FIGS. 5-8B show assembly 10 in a configuration where the drill bit has reached the bottom of the wellbore and some initial WOB force is being applied to the drill bit sufficient to overcome the expansion force of spring 24 and the bottom-hole assembly (BHA) pressure created by the pumping of drilling fluid through the drill string and assembly 10 to the drill bit. Accordingly, the movable inner assembly has moved upward relative the stationary components of assembly 10 resulting in shoulder 90 of spline mandrel 36 moving in the direction of and closer to lower edge 64 of spline body 34, top edge 172 of upper section 162 of spring nut 20 moving partially into inner bore 176 of compression nut 18, and apertures 224 in upper section 218 of inner valve sleeve moving in the direction of and closer to apertures 202 of outer valve sleeve 14.

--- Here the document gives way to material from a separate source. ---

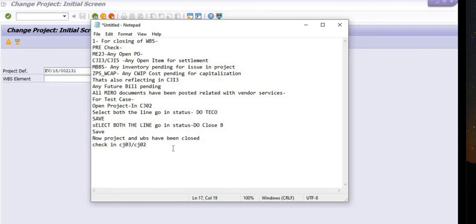To summarize the WBS closing process: check that no purchase orders are open, no cost is pending for settlement, no inventory issue is pending, no CWIP is pending for capitalization, no unsettled cost exists, no future running bills are incoming, and no MIRO is pending for payment. You can check this report in CN41. Thank you — if you have any queries, mention them in the comment section or reach us at erpsapteam1@gmail.com.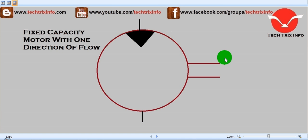Hi, welcome to TechTrics Info, the engineering tutorial hub. In this topic we will be learning about the introduction to hydraulic schematic symbols. This is Part Two of this topic, and it teaches you about the symbols for pumps and motors.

FIGS. 9-11B show assembly 10 in the configuration where WOB has increased on the drill bit sufficient to further move the inner movable assembly parts to a partially valve open position (crack-open). Accordingly, shoulder 90 of spline mandrel 36 has moved even closer to lower edge 64 of spline body 34, top edge 172 of upper section 162 of spring nut 20 has moved further upward into inner bore 176 of compression nut 18, and apertures 224 in upper section 218 of inner valve sleeve have moved upward and are in partial alignment with apertures 202 of outer valve sleeve 14 (i.e. the top of apertures 224 are aligned with the bottom of apertures 202 such that some restricted fluid flow is now achievable through apertures 224, apertures 202 and into the annulus (not shown) through apertures 206 in upper body 12). The restricted fluid flow into the annulus (not shown) causes an initial drop in the BHA pressure, reducing the effective countervailing force, thereby permitting the WOB to further overcome the expansion force of spring 24 and the BHA pressure to achieve full valve opening.

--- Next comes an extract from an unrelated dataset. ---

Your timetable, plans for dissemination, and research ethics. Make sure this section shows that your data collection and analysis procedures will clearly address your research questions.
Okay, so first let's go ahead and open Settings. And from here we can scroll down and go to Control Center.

FIGS. 11A-14 show assembly 10 in the configuration where WOB has increased on drill bit 232, coupled with the reduction of BHA pressure, to further move the inner movable assembly parts to a full valve open position (latched-opened or max WOB). Accordingly, shoulder 90 of spline mandrel 36 has made contact with lower edge 64 of spline body 34, spring 24 is fully compressed, top edge 172 of upper section 162 of spring nut 20 has moved further upward into inner bore 176 of compression nut 18, and apertures 224 in upper section 218 of inner valve sleeve have moved upward and are in full alignment with apertures 202 of outer valve sleeve 14. BHA pressure is reduced to its lowest value as some of the drilling fluid flow is diverted through apertures 224, apertures 202 and into the annulus 236 through apertures 206 in upper body 12, as seen in FIG. 14.

FIG. 14 is a schematic representation of drilling operation employing assembly 10. Drilling rig 226 is positioned at well surface 228. Drill string 230 runs from drilling rig 226 into wellbore 234 and terminates at bottom hole assembly 237 with include drill bit 232, which is positioned on wellbore bottom 240. Assembly 10 is operatively connected in-line to drill string 230. As shown, assembly 10 is configured in its full valve open position (latched-open). Drilling fluid 238 is pumped down drill string 230 is partially diverted as described above and passes into annulus 236. It is to be understood that drill string 230 may be interconnected drill pipe or coiled tubing.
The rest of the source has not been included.